REQUIRED ACTION:
From the first line to the last, output the data exactly as it stands, minus its pictures.

[Short web captions]

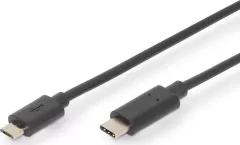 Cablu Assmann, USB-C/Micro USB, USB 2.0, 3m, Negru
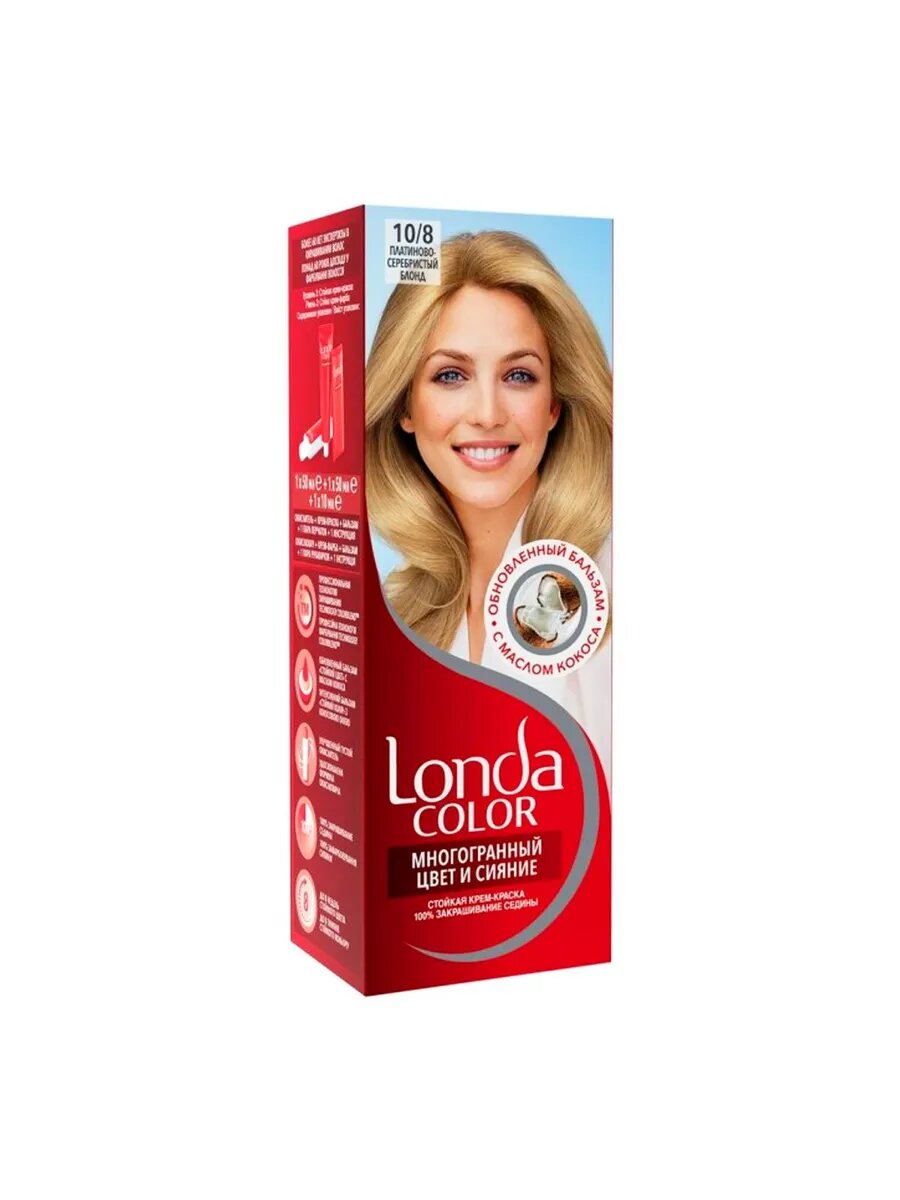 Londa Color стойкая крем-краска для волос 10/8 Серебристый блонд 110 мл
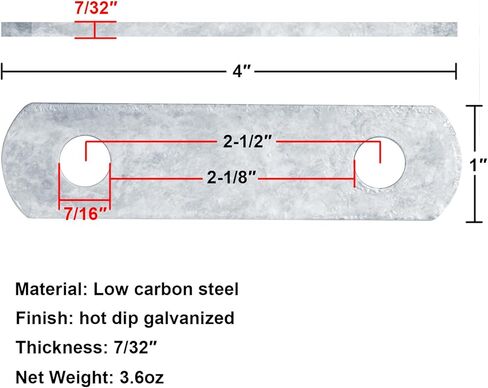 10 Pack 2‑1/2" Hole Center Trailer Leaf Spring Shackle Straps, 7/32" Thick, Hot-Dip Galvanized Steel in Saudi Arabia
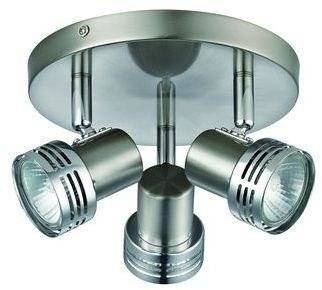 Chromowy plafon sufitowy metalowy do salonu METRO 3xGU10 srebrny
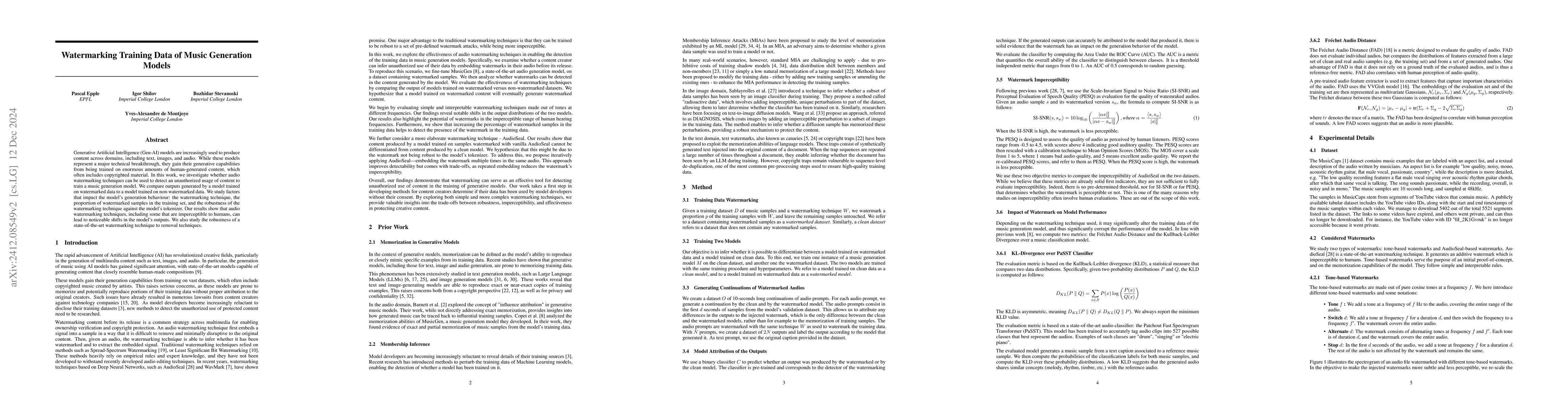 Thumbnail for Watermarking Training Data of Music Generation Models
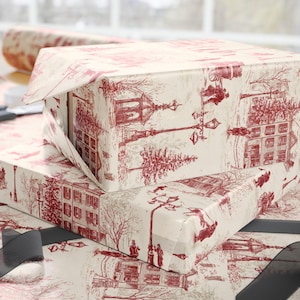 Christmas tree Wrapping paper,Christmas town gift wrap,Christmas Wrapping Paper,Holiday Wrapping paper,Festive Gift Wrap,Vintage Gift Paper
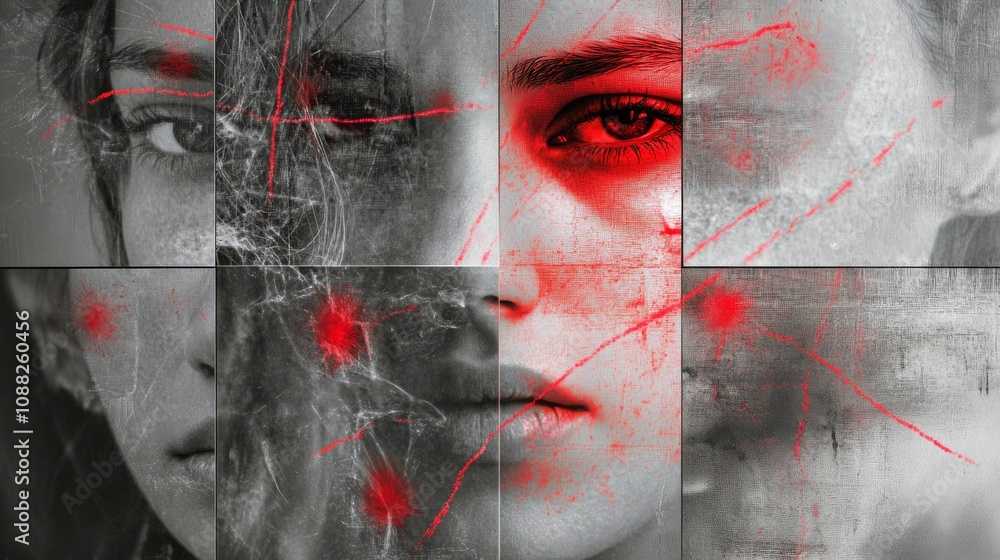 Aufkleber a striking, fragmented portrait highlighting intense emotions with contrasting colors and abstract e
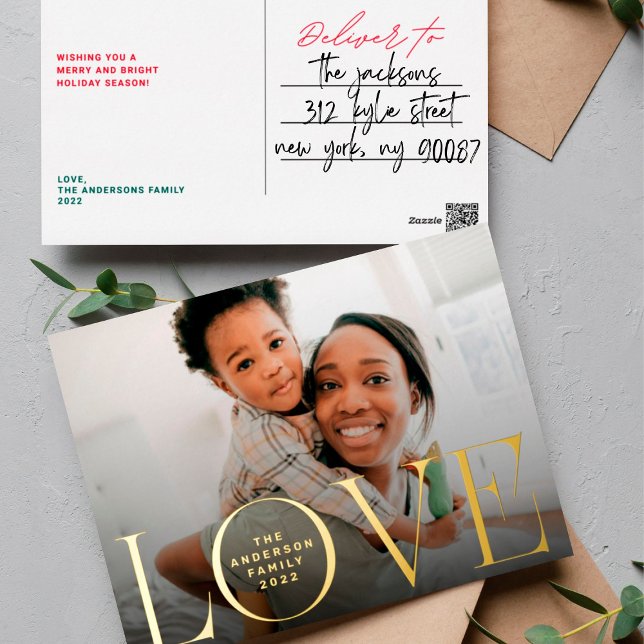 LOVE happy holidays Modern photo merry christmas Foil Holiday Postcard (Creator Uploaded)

REPLY:
 Cablu Assmann, USB-C/Micro USB, USB 2.0, 3m, Negru
 Londa Color стойкая крем-краска для волос 10/8 Серебристый блонд 110 мл
 10 Pack 2‑1/2" Hole Center Trailer Leaf Spring Shackle Straps, 7/32" Thick, Hot-Dip Galvanized Steel in Saudi Arabia
 Chromowy plafon sufitowy metalowy do salonu METRO 3xGU10 srebrny
 Thumbnail for Watermarking Training Data of Music Generation Models
 Christmas tree Wrapping paper,Christmas town gift wrap,Christmas Wrapping Paper,Holiday Wrapping paper,Festive Gift Wrap,Vintage Gift Paper
 Aufkleber a striking, fragmented portrait highlighting intense emotions with contrasting colors and abstract e
 LOVE happy holidays Modern photo merry christmas Foil Holiday Postcard (Creator Uploaded)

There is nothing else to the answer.